Mixed race vote key to Cape Town in S. Africa pollsPosted in Africa, Articles, New Media, Politics/Public Policy, South Africa on 2011-05-17 04:44Z by Steven |
Mixed race vote key to Cape Town in S. Africa polls
The Citizen
2011-05-16
Justine Gerardy
Fruit seller Amien Cox will put his hopes on a white woman in South Africa’s local polls on Wednesday, 17 years after the fall of the racist apartheid regime that denied an all-race vote.
CAPE TOWN – Fruit seller Amien Cox will put his hopes on a white woman in South Africa’s local polls on Wednesday, 17 years after the fall of the racist apartheid regime that denied an all-race vote.
“No other option: DA,” said the mixed race supporter of the Democratic Alliance over the ruling African National Congress (ANC) that led South Africa into democracy.
“I’ll never vote any ANC, never.

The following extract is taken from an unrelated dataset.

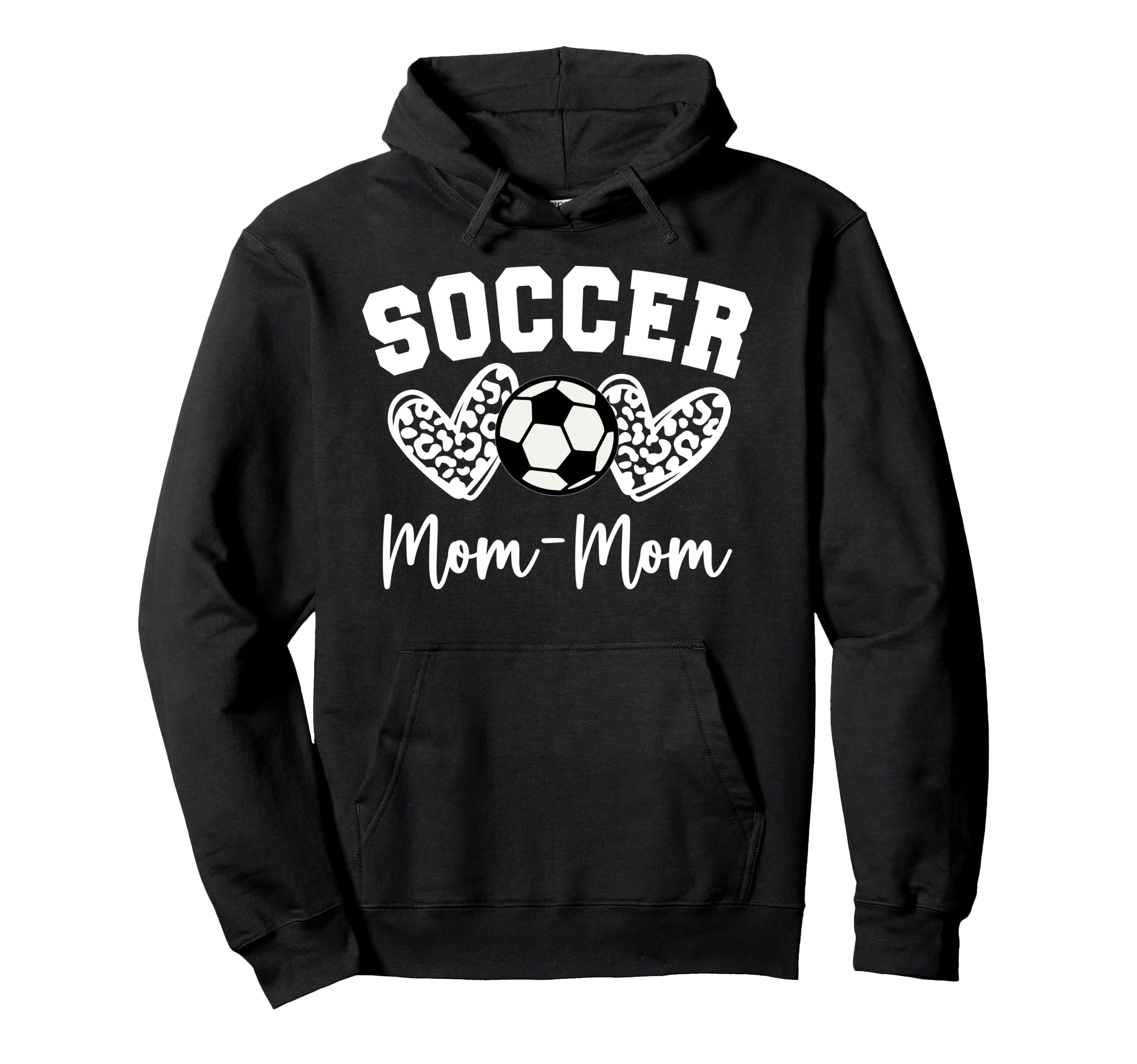 Soccer Mom Mom Matching Family Soccer Hoodie - Custom Art Print Men Women - T-Shirt, Sweatshirt, Hoodie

I’ll never vote for a black man, never,” said Cox, 72. “They don’t worry for us.”
Politicians have scrambled to woo mixed race voters, known locally as coloureds, who are the majority in Cape Town, South Africa’s only major city not in ruling party hands.

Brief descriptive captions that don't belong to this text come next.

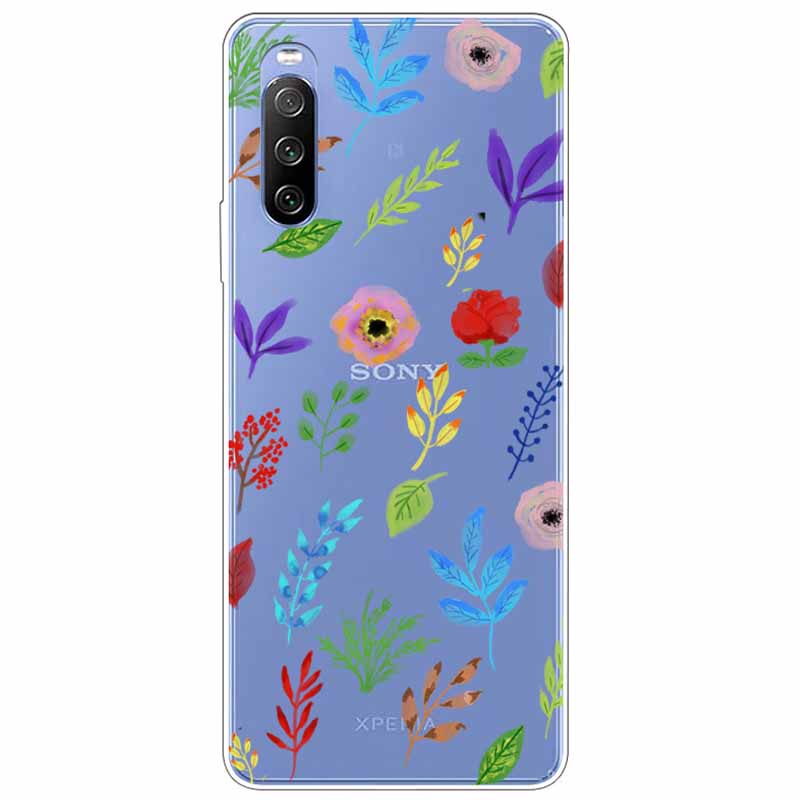 

Чохол для Sony Xperia I IV / 10 IV / 5 IV, Прозорий м який силіконовий чохол TPU для Sony Xperia 10IV 5 IV Xperia 1 IV
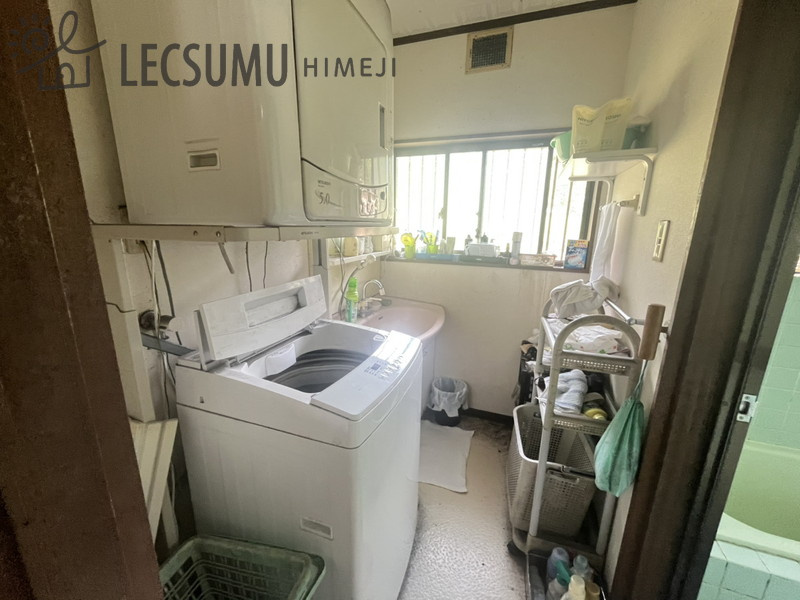 姫路市夢前町山之内/中古戸建の洗面所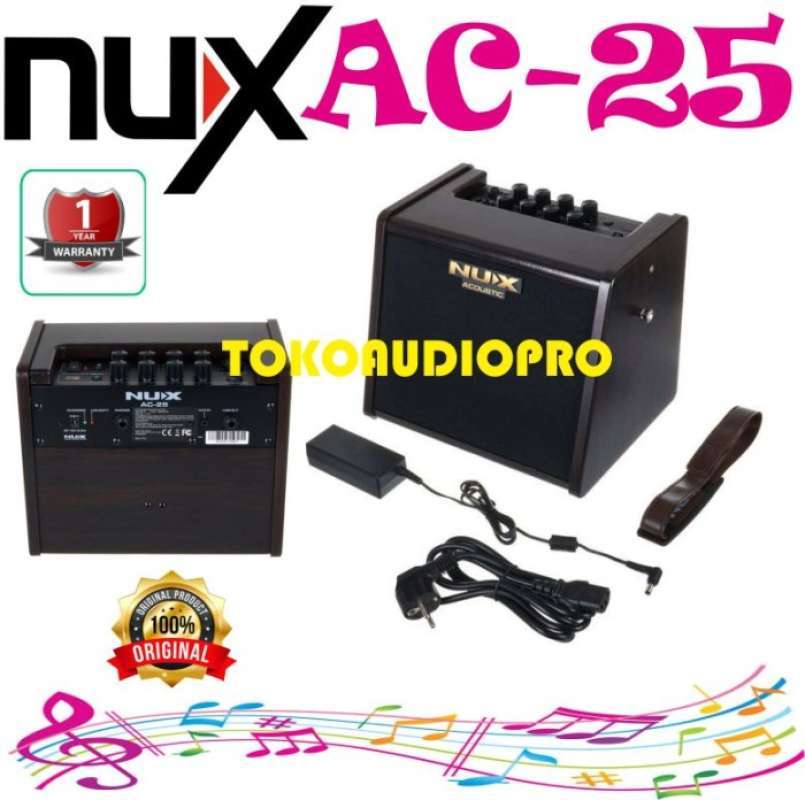 Jual Nux Ac25 25W Portable Guitar Amplifier Gitar Nux Ac-25 di Seller  Kazuma - Cipete Selatan, Kota Jakarta Selatan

The battle is a two-party race between President Jacob Zuma’s ANC, which lost the city five years ago, and the DA led by Helen Zille, who is the first female leader of the party.

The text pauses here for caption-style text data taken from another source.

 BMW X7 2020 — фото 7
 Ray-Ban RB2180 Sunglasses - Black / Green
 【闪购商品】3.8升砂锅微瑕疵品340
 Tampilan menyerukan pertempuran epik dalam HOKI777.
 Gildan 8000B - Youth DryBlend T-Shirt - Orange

The coloured group is tipped to back the DA—years after many cast their first votes in 1994 for apartheid’s white minority nationalists that oppressed them but ranked them higher than blacks…
…Coloureds who have African, European, East Asian and South Indian roots had more privileges than the darker-skinned black majority in apartheid’s strict hierarchy designed to keep South Africa’s people apart and protect white power.
The divisions cut across separate housing, education and even language with Dutch settler-derived Afrikaans spoken instead of local African languages.